New Mexico Physician Assistant Fired Over Medical Marijuana
Posted by Marijuana Doctors on 08/08/2014 in Medical Marijuana Laws
Location: Albuquerque, New Mexico | Source: Fox Business
Albuquerque, New Mexico – A New Mexican medical professional who is also a medical marijuana patient has been fired by the health care provider she briefly worked for in February of this year. Donna Smith, a physician’s assistant, claims that Presbyterian Healthcare Services violated her rights after it fired her for testing positive on a drug test she was required to take.
Mrs. Smith becomes one of the latest medical cannabis patients to sue in an effort to establish protections for individuals who have been terminated for their involvement in the state’s medical marijuana program. With her lawsuit being filed sometime in June, Mrs. Smith’s attorney is hopeful a hearing date will come soon. Smith was employed at Presbyterian for four (4) days this past February, she was ultimately fired after a urine test came back positive for THC, the active ingredient in cannabis.
According to Mrs. Smith’s lawsuit she had previously submitted physician signed paperwork in addition to her state-issued medical marijuana card, however Presbyterian officials stated providers cannot participate in the medical marijuana program. The plaintiff, who is a military veteran, was diagnosed with post-traumatic stress disorder upon completion of her service. She became a medical marijuana user after multiple other prescription medications had failed.
Her attorney argues that employers should not have the ability to control or stiffen employee access to treatment options that are legal and accepted under state law, or those patients who hold medical cannabis licenses. “Individual rights and liberties of an adult to be able to address their issues and treat themselves in a health way pursuant to the laws of their state are what’s at stake here.” Attorney Jason Flores-Williams said in a statement Wednesday.
Ironically in 2007 New Mexico became the first state to create a medical marijuana production and distribution system, that has been used as a model for newly legalized states. The problem many legal experts say is that employers understanding of medical marijuana and the workplace have not kept pace. Because marijuana is still a schedule 1 substance and federally illegal further blurs the line. Sadly only a handful of state medical marijuana laws outline worker protections in regards to medical marijuana. New Mexico law allows employers to establish policies aimed at keeping their workplaces drug-free.
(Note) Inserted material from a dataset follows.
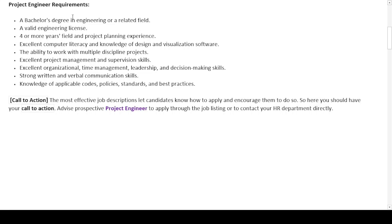As a project engineer, you must have: a bachelor's degree in engineering or a related field; a valid engineering license; four or more years of field and project planning experience; excellent computer literacy and knowledge of design and visualizing software; the ability to work with multiple discipline projects; excellent project management and supervision skills; excellent organizational, time management, leadership, and decision-making skills; strong written and verbal communication skills; and knowledge of applicable codes, policies, standards, and best practices.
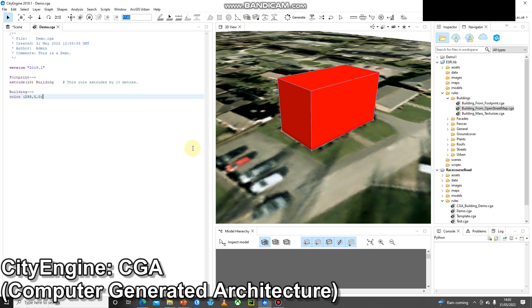The next thing I might want to do is start to tidy up my rule file a bit. One of the ways I can do that is I can add attributes. At the moment we can see this information that the building is 10 meters.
Recent court rulings at the state and federal level have shown support for employers but state advocates say the time for more clarification in the state law is now. “People shouldn’t be punished as long as there’s no undermining of their ability to do their job or coming to work impaired,” Says Jessica Gelay, a representative of the Drug Policy Alliance in New Mexico.
In Mrs. Smith’s case her attorney argues that she more than satisfied all the requirements to obtain a medical marijuana card and that she served her patients in an exemplary manner and in an outstanding capacity. Now he claims her career is threatened by the termination.
Hospital officials would not comment specifically about the lawsuit but Joanne Suffis, senior vice president of Presbyterian’s Human Resources department, said the company is committed to their patients safety and that maintaining a drug-free workplace is a key a component.
In a similar case filed this year a long time employee of the Metropolitan Detention Center was terminated for testing positive for marijuana. Mr. Augustine Stanley is an Iraq War Veteran who had a designation to use medical marijuana to treat his PTSD.